Atlantic Ocean waves on the beach at Montauk Point, Long Island, New York. Meinzahn / iStock / Getty Images Plus
By Alison Chase
Governor Andrew M. Cuomo hammered home New York’s vehement opposition to harmful and outdated offshore drilling Monday by signing A. 2572/ S. 2316.
The legislation, sponsored by Assemblyman Steve Englebright and Senator Todd Kaminsky and passed overwhelmingly by the Legislature the first week of February, amends state law to:
- Ban oil and gas exploration, development and production in state coastal and tidal underwater land; and
- Prohibit construction of any new infrastructure in New York to transport oil and natural gas developed in the North Atlantic Planning Area, the federal government’s designation for federal waters offshore the tri-state area and New England.
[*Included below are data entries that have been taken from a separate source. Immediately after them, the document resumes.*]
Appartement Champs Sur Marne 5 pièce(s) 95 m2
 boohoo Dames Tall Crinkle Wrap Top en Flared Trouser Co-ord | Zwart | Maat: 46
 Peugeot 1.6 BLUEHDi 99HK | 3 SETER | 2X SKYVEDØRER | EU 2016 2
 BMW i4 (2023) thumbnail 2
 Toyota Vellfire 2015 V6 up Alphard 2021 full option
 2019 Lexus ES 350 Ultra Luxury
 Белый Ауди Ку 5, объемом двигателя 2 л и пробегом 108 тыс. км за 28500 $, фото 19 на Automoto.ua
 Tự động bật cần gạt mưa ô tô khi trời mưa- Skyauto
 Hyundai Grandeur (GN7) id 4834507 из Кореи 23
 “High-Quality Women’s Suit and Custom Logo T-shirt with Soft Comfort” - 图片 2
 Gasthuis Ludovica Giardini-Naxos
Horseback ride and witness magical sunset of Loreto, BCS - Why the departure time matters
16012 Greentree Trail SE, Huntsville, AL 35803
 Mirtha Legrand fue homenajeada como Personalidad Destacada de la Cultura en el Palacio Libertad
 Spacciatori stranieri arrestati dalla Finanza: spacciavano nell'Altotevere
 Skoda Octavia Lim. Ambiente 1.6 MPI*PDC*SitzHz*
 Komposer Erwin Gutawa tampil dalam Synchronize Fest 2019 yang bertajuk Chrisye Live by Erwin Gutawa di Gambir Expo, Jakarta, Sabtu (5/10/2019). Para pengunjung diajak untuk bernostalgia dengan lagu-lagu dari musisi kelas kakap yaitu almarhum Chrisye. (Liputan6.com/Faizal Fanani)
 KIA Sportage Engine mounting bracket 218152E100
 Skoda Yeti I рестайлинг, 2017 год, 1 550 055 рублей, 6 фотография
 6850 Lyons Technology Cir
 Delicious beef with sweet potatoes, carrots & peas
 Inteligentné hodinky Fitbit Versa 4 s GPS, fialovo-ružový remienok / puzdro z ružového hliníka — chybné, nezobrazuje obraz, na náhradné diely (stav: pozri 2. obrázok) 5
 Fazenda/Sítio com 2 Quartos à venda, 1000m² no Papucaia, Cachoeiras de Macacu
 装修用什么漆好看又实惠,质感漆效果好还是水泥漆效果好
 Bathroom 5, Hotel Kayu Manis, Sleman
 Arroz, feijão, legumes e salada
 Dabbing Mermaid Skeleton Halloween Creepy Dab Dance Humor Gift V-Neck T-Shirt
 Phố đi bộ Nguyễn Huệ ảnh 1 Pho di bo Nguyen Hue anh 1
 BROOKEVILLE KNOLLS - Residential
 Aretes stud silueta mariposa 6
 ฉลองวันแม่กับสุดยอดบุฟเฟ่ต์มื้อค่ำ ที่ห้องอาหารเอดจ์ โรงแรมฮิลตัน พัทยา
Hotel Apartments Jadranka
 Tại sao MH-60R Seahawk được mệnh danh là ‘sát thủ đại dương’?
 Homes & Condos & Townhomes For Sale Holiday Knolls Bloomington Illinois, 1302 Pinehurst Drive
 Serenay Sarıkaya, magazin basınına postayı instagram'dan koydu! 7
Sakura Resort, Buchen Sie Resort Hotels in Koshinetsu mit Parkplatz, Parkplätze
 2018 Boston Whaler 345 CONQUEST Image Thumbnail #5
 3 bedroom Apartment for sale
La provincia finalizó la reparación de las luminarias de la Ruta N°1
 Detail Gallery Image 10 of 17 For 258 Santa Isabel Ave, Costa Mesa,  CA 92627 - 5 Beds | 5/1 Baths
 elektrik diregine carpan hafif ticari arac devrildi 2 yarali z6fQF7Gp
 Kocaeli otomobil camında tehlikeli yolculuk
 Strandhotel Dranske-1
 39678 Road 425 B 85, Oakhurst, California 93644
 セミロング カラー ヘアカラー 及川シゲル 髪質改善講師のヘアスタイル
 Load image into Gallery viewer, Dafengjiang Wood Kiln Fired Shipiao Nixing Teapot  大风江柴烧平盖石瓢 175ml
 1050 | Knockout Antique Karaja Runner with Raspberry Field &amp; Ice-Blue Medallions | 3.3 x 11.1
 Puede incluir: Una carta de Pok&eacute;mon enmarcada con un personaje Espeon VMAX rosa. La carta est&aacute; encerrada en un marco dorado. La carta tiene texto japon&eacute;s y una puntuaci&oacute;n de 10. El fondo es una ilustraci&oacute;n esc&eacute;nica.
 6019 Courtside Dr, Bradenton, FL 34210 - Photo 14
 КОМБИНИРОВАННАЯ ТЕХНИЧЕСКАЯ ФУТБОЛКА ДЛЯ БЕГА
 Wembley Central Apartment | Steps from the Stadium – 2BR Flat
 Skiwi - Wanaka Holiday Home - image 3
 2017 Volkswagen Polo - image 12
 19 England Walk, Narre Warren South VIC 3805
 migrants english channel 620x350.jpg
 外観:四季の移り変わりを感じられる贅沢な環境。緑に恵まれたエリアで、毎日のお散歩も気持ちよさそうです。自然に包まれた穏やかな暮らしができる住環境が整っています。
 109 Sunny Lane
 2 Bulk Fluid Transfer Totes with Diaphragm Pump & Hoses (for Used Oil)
Governor Cuomo has made crystal clear his opposition to drilling offshore New York and this ban stands in sharp contrast to the Trump administration’s extreme oil and gas leasing proposal to open virtually all ocean waters more than three miles from shore to oil and gas drilling — the entire East Coast, West Coast, Gulf Coast and Alaska.
The new law drives home state opposition to offshore oil and gas development and constructs an important roadblock to any efforts to bring ashore oil drilled throughout New England and the tri-state area.
But New York will also need to keep fighting the Trump administration‘s planned expansion of offshore drilling. While the Trump administration’s revised proposal appears to be on hold for now, the administration’s interest in opening our waters to more offshore drilling remains and the drilling planning process could restart at any moment.
Offshore oil and gas drilling or exploration anywhere along the Atlantic coast could put New York at risk. Oil spills don’t stop at state boundaries and can be carried far along the coastline. After BP’s 2010 Deepwater Horizon rig explosion, oil contaminated more than 1,300 miles of coastline, harming fisheries, birds, and impacting endangered whales for generations to come. An equivalent disaster in the Atlantic — depending on currents and weather — could coat beaches from Savannah to Boston. Our state’s fishermen catch species that move throughout the region; a spill anywhere along the Atlantic could affect their livelihoods.
NRDC is proud of New York’s action to oppose offshore drilling and protect the hundreds of thousands of New York jobs and billions of dollars of state revenue that depend on clean, oil-free water and beaches and abundant fish and wildlife. New York’s ocean use doesn’t mix with harmful offshore oil and gas development. Now this common knowledge is law.
Alison Chase is a senior policy analyst with the Natural Resources Defense Council.